The proposed law does not require that an individual intends to encourage terrorism in order to commit a crime. It rests on the requirement that someone's comments could "reasonably be expected" to incite terrorism. That is a test of negligence, not criminality. Of course, it also fails the Cherie test. The Prime Minister's wife famously talked sympathetically about the motives of suicide bombers, as the hon. and learned Member for Medway (Mr. Marshall-Andrews) reminded us. Unless the Prime Minister is seriously suggesting that his wife should be locked up, the clause needs to be thought through again. If it cannot be improved in that and the other aspects that have been mentioned today, it must be removed.

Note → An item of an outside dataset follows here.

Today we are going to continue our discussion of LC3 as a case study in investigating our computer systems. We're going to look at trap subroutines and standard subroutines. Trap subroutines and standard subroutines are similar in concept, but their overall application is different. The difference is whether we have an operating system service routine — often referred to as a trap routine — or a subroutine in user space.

Jeremy Corbyn : Many organisations are already proscribed—including the National Council of Resistance of Iran, which was proscribed some years ago—and, therefore, supporting them would be a criminal act. Will the right hon. Gentleman propose any amendments to remove the proscription list?

David Davis: No, I will not propose such amendments. That decision has to be made by the Executive. However, in the light of the debate today, we will consider what acts as a benefit to an organisation, because some good points have been made about that important issue.

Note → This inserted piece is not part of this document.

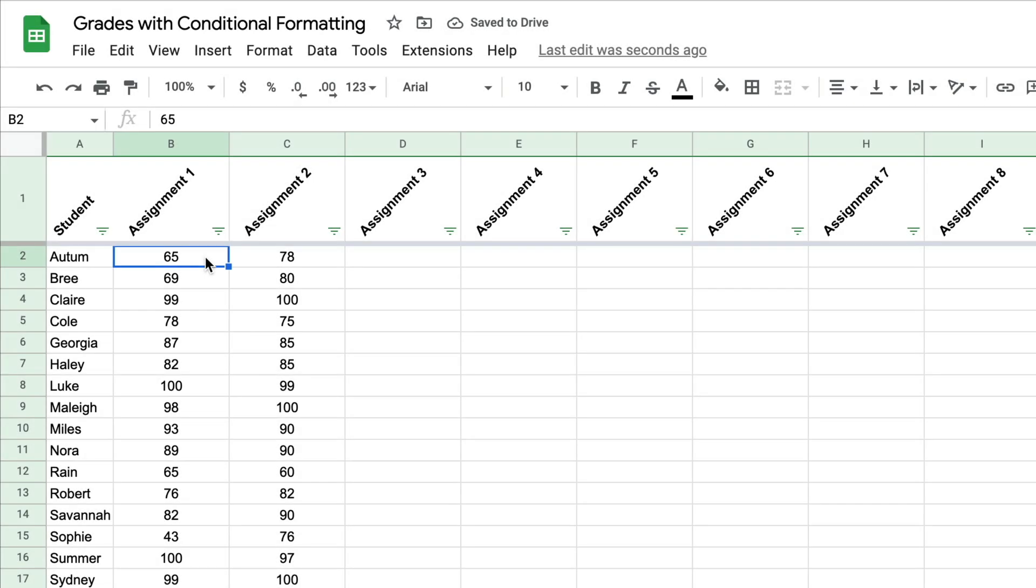Hey y'all, this week's quick tip is about conditional formatting in Google Sheets. This tip is for teachers, but anyone watching can learn very quickly how easy it is to change the color of text or a cell based on information that is in that cell.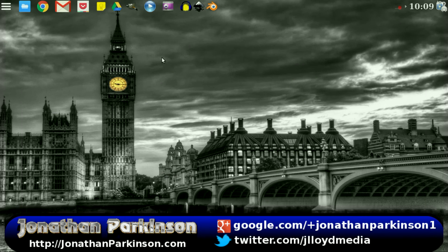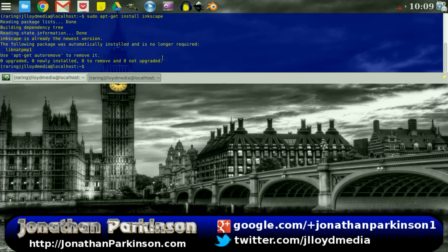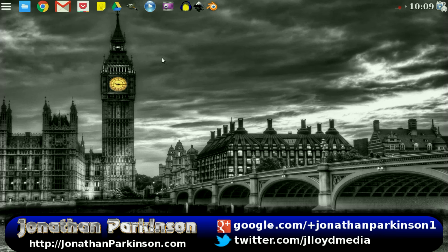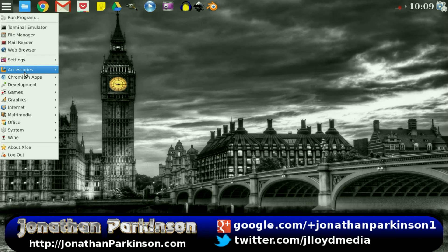Type in the following command. You'll find that as well inside the Graphics tab inside your menu.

Mr. Hogg: Will my right hon. Friend remind the House that this part of the Bill is said to reflect the intention of the Council of Europe convention on the prevention of terrorism, but that article 5 requires an element of intent to incite the commission of a terrorist offence?

David Davis: My right hon. and learned Friend makes his point brilliantly, as always, and it is the question of intent that is key. We cannot have a serious criminal offence that can be committed by negligence rather than intent. When we discussed the matter with a variety of officials, it was suggested that it was difficult to prove intent. Given what we have seen, even since 7 July, I do not think that a British jury would find it difficult to arrive at a decision on intent.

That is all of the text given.